REMOVING STATE OBSTACLES
The NOC will be an "integrated oil and gas company operating as a fully commercial entity", the document states, and will run like a private company.
The onus will be on its board to make profits and raise its own funding. The NOC will keep its revenues, deduct costs directly and pay dividends to the government, although the bill does not elaborate on the details.
In theory, trimming NNPC down into two leaner companies could solve a chronic funding problem. Part of Nigeria's oil output comes from joint ventures with foreign and local companies in which NNPC holds the majority stake. However, NNPC is always behind on covering its share of costs owing to the slow pace of government approvals.

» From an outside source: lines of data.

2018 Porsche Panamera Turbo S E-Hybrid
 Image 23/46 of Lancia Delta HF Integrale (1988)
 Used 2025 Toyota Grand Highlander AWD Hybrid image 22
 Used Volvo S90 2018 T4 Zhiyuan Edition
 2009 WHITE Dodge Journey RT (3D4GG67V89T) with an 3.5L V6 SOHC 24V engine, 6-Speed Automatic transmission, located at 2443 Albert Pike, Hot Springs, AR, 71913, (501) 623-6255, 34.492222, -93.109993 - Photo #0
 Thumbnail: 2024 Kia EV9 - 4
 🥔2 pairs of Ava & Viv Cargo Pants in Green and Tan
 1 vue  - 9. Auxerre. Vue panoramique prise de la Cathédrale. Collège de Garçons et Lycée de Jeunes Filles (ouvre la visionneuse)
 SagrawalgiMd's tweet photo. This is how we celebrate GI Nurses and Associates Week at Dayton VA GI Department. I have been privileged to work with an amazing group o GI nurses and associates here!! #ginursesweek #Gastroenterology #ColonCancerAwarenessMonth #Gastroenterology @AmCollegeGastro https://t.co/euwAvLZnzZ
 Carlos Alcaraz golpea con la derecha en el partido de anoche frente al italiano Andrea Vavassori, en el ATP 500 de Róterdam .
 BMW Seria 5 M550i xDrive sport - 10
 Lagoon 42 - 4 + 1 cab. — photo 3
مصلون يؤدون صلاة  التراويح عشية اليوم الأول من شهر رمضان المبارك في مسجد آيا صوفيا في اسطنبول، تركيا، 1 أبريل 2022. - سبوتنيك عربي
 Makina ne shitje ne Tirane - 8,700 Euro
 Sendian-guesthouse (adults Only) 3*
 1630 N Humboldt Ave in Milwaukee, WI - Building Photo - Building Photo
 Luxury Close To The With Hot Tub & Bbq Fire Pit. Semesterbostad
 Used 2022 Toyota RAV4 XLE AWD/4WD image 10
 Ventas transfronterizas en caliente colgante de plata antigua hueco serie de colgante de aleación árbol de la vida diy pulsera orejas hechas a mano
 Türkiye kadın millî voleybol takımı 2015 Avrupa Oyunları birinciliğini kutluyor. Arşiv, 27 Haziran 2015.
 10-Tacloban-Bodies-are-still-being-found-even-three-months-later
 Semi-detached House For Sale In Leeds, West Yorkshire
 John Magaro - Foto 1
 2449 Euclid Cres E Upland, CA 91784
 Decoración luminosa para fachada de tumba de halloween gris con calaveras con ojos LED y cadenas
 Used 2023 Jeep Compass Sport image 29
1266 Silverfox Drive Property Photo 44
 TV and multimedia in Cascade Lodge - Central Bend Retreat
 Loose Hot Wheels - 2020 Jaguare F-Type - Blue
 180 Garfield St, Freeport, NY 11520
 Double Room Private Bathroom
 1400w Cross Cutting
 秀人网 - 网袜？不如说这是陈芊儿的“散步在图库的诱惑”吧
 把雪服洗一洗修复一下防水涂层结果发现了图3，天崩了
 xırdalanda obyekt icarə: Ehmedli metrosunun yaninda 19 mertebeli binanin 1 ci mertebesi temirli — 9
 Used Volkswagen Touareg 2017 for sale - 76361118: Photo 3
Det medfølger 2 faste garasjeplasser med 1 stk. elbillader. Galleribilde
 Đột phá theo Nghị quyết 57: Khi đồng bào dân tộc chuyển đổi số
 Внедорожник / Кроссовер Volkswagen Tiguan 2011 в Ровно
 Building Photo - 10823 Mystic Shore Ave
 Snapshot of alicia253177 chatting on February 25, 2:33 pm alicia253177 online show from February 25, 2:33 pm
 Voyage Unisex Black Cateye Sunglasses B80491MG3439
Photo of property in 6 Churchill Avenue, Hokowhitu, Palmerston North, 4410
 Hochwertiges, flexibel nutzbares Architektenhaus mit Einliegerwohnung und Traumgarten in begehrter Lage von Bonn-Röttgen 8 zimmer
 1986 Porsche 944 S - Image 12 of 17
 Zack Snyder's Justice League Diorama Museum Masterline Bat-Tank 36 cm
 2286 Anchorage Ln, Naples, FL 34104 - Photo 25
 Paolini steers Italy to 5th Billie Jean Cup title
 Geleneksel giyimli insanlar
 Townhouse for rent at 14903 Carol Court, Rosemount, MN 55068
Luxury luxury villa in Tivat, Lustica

To start off, the NOC will receive about $5 billion, or at least the five-year average of the amount of money NNPC had to put into joint venture operations. In October, NNPC estimated it owed around $6 billion to oil companies.
The new NOC will also be partially privatized. At least 30 percent of NOC shares will be divested within six years of its incorporation.
NPAM is expected to manage assets "where the government is not obligated to provide any upfront funding". These include oil licenses run under production-sharing agreements in which independent oil companies cover operating costs and pay tax and royalties on output.
Compared with previous PIB drafts, the law curtails ministerial powers as board appointments are made by the Nigerian president and confirmed by the Senate.
If passed, the law would also create a Nigeria Petroleum Regulatory Commission (NPRC) to oversee everything from oil license bid rounds to fuel prices. Previously, regulation was split between many bodies with ill-defined roles, leading NNPC to act in part as its own watchdog in a conflict of interest.
A Special Investigation Unit would also be set up under the NPRC with the powers to seize items and make arrests without a warrant.